Exercise instructions.
Begin at the top of the entries below and write out every line through the one containing "Christmas Background with", excluding pictures.

Extracted records:
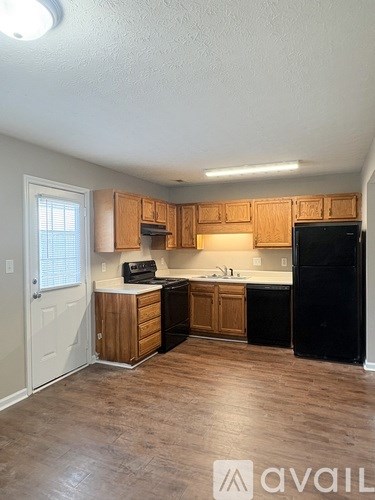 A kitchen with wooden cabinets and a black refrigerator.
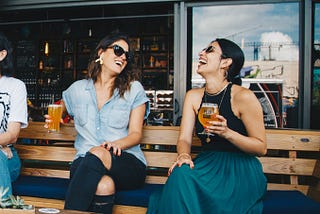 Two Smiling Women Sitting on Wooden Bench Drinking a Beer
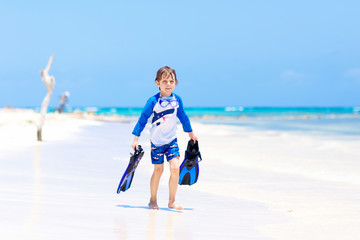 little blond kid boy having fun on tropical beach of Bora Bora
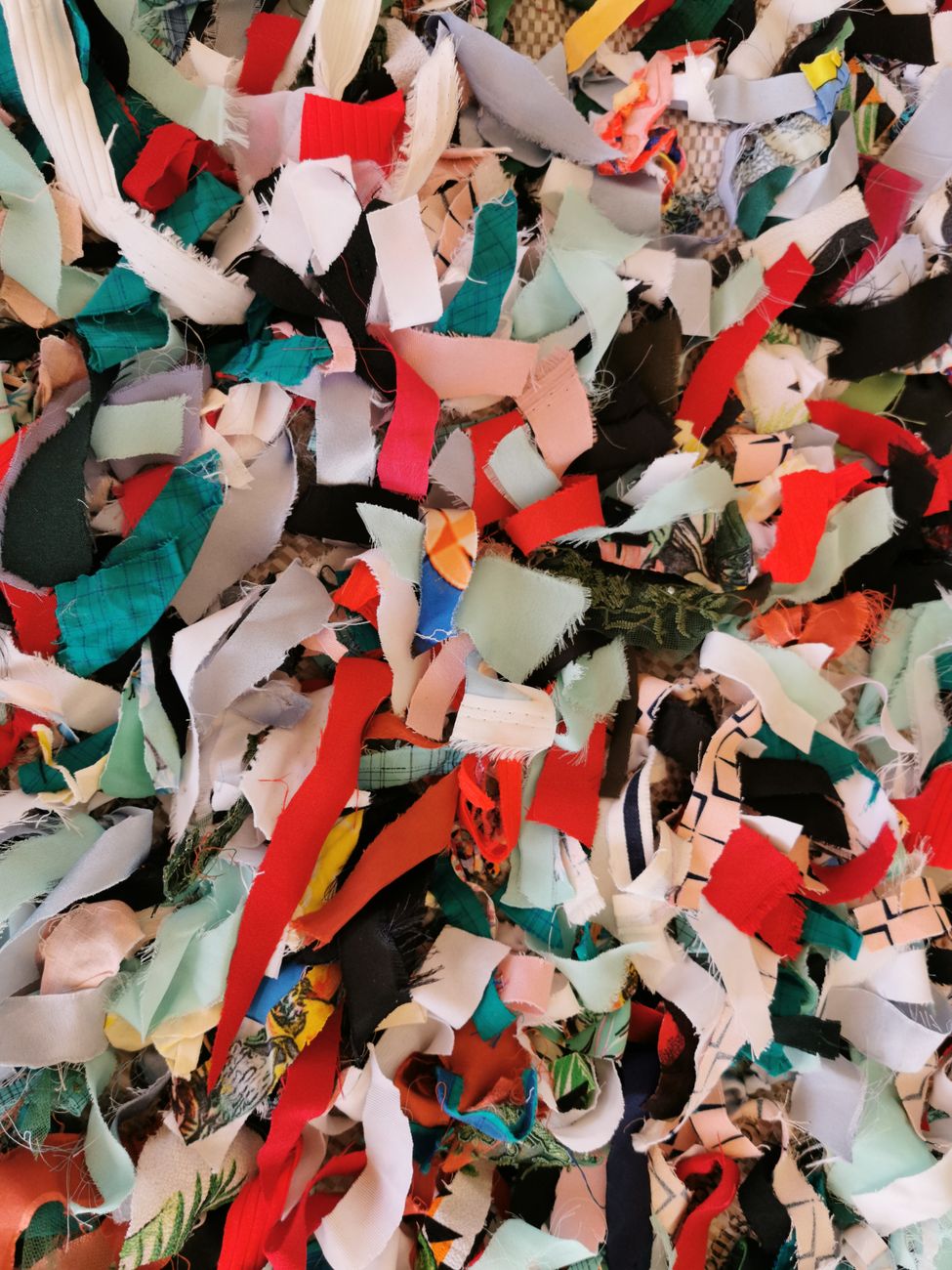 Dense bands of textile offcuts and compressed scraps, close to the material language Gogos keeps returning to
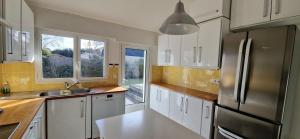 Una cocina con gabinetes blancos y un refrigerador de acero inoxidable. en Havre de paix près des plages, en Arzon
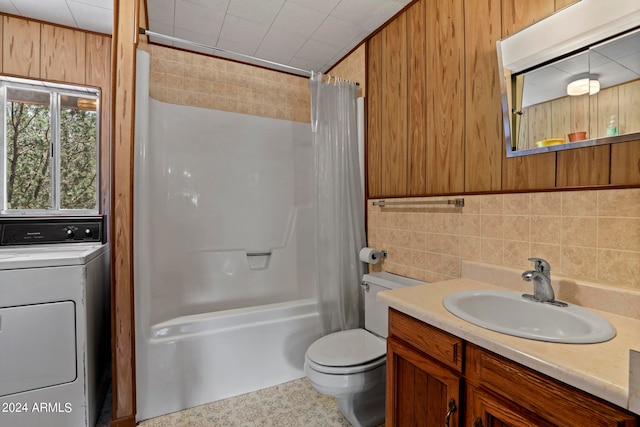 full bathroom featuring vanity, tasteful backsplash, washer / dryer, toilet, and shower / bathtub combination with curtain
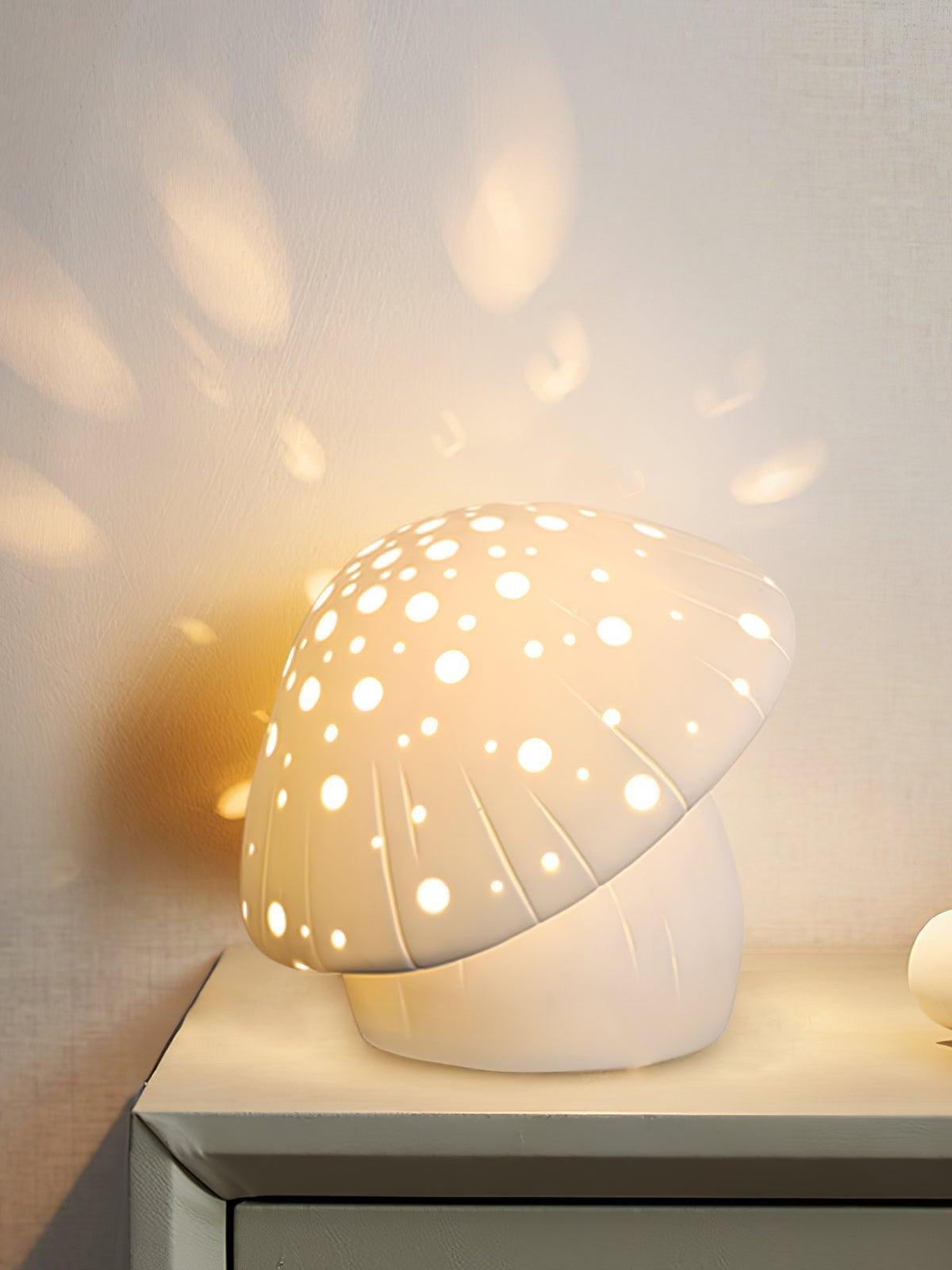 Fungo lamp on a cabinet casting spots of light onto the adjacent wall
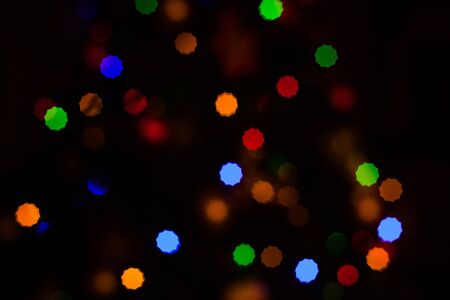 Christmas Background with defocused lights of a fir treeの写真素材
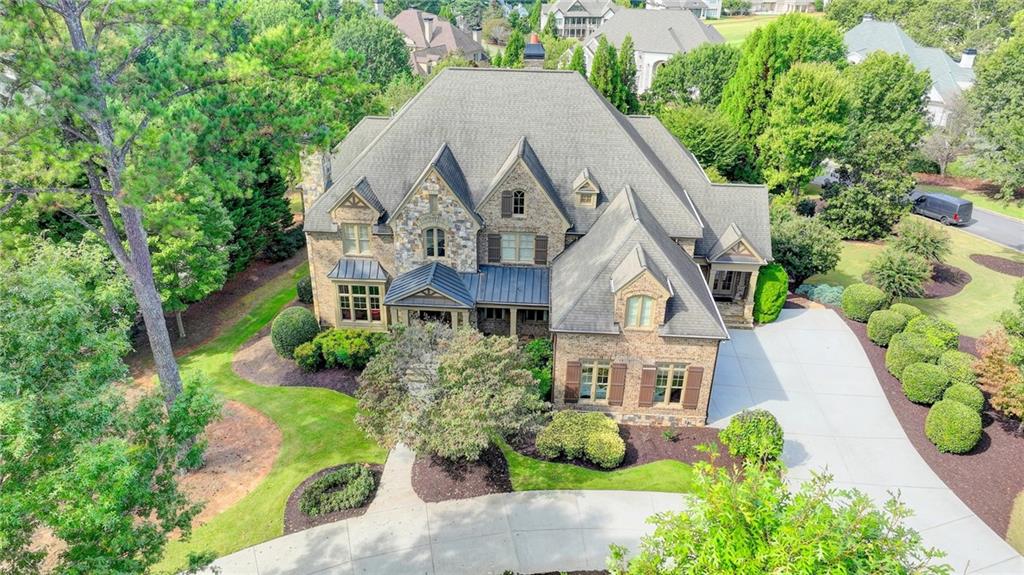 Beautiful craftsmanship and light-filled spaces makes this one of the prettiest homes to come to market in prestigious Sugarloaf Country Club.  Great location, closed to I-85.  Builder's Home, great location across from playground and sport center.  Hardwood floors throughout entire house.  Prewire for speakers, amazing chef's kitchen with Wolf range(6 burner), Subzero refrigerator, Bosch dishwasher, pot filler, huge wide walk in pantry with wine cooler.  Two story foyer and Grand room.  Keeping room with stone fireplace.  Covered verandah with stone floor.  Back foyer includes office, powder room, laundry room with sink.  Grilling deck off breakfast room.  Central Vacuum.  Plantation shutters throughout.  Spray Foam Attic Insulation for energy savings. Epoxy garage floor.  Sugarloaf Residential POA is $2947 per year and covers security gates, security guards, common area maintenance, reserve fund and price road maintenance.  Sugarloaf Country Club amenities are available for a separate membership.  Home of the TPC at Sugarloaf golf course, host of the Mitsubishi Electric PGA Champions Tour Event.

Answer to this task.
 A kitchen with wooden cabinets and a black refrigerator.
 Two Smiling Women Sitting on Wooden Bench Drinking a Beer
 little blond kid boy having fun on tropical beach of Bora Bora
 Dense bands of textile offcuts and compressed scraps, close to the material language Gogos keeps returning to
 Una cocina con gabinetes blancos y un refrigerador de acero inoxidable. en Havre de paix près des plages, en Arzon
 full bathroom featuring vanity, tasteful backsplash, washer / dryer, toilet, and shower / bathtub combination with curtain
 Fungo lamp on a cabinet casting spots of light onto the adjacent wall
 Christmas Background with defocused lights of a fir treeの写真素材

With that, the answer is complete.